Of course, some APIs may be intentionally trivial, and a full-blown portal could be unwarranted. But for any organization that truly wants to scale its business through its API ecosystem, the criteria listed in this paper should be thought of as a standard designed to maximize the satisfaction and therefore the loyalty of your target developer community.
An API Strategy Blueprint
The topic of developer engagement is a major component of our four-stage blueprint that organizations should follow in order to maximize their chances of success in the API economy (for an in-depth discussion of this blueprint, be sure to read our whitepaper on API Strategy Essentials, developed in partnership with MuleSoft).
Figure 40: The blueprint for API economy success is broken into four critical areas, none of which can be overlooked by organizations hoping to lead competitors in their fields. The four-stages run concurrently (are not necessarily sequential); iteration with an eye towards improvement is constant, and measurement against quantifiable objectives within each stage is always ongoing.
The first stage of the blueprint — Establish Digital Strategy — has almost nothing specific to do with API strategy. Instead, it focuses on aligning stakeholders around an understanding of the organization's core capabilities and competencies and how best to bring them to market as digital offerings that drive great business outcomes and amazing end-to-end customer experiences.
The same approach applies to whether the customer is external or internal to the organization. Understanding and Organizing Successful API Ecosystems is a key component of this first stage and requires organizations to think well beyond their four walls in terms of what a market-leading end-to-end customer experience is, and the ecosystem that's necessary to make it happen.
The second stage of the blueprint — Align Culture and Organization — is about getting the entire organization to think differently about what it takes to deliver those great end-to-end customer experiences. Even if it means reorganizing the company.

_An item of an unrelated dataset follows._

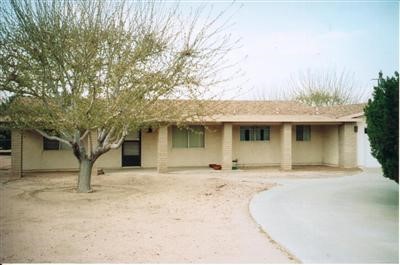 14868 Ranchero Road Hesperia, CA 92345 - Photo 1 of 1 a front view of a house with a yard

This also means looking at those experiences as finished assemblies of discrete capabilities, some parts of which are sourced internally, some of which can be sourced externally, but all of which are organizationally managed and engaged as individual services that are carefully choreographed, with the help of APIs, to produce the final outcome.

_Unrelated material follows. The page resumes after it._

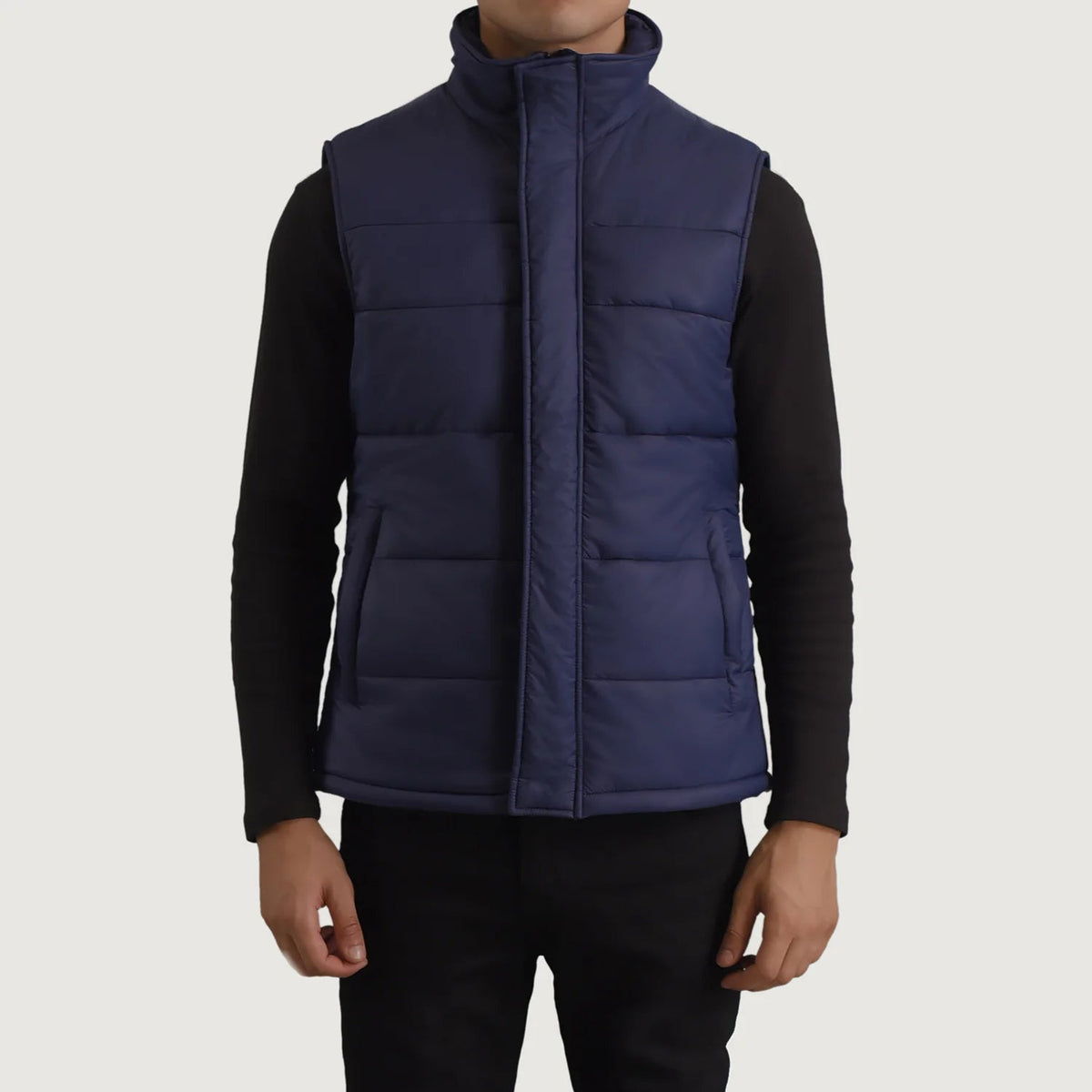 Close-Up Detail of Classic Collar &amp; Zipper With Placket Hardware on Bryan Blue Puffer Vest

As you can see, so far, the blueprint has been focused on areas that are more about the business, organization, and culture than they are about putting any technology in place. But this is where the third stage comes into play, covering both the core API platform as well as any adjacent technologies that are necessary to install, secure, manage, and measure the API-driven fabric that will technologically enable your business strategy.

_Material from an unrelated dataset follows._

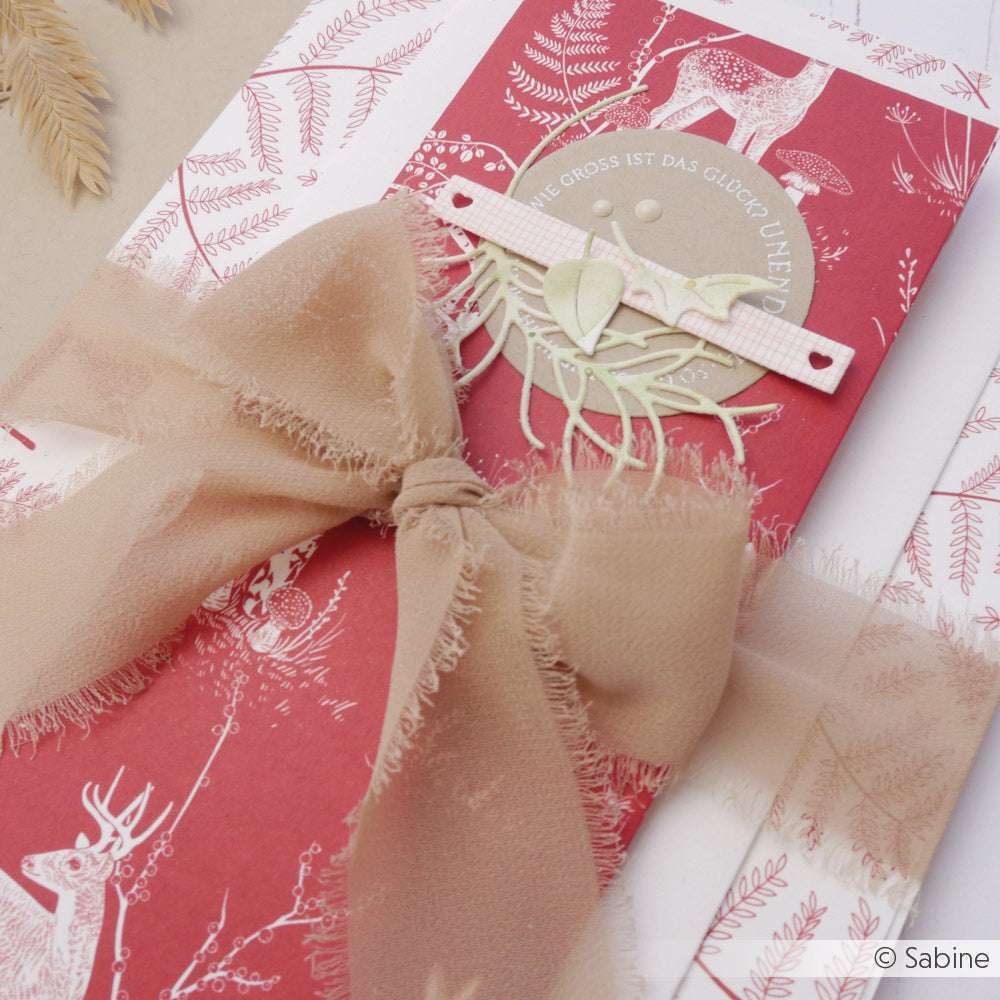 Geschenk von Vivant Decorations BV: beigefarbene Chiffonband-Schleife auf rotem, hirschähnlichem Geschenkpapier mit naturinspirierter Karte - ideal für Bastelprojekte oder kreative Deko-Ideen.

With the first three stages being about getting the business strategy, organization, and tech in place, the fourth stage is about customer-centrically engaging your ecosystem in ways that are wholly consistent with the desired business outcomes, experiences, and values set forth in those other stages. Engaging developers with the best in class API developer portal, the subject of this paper, is critical to succeeding in this fourth stage of the API Strategy Blueprint.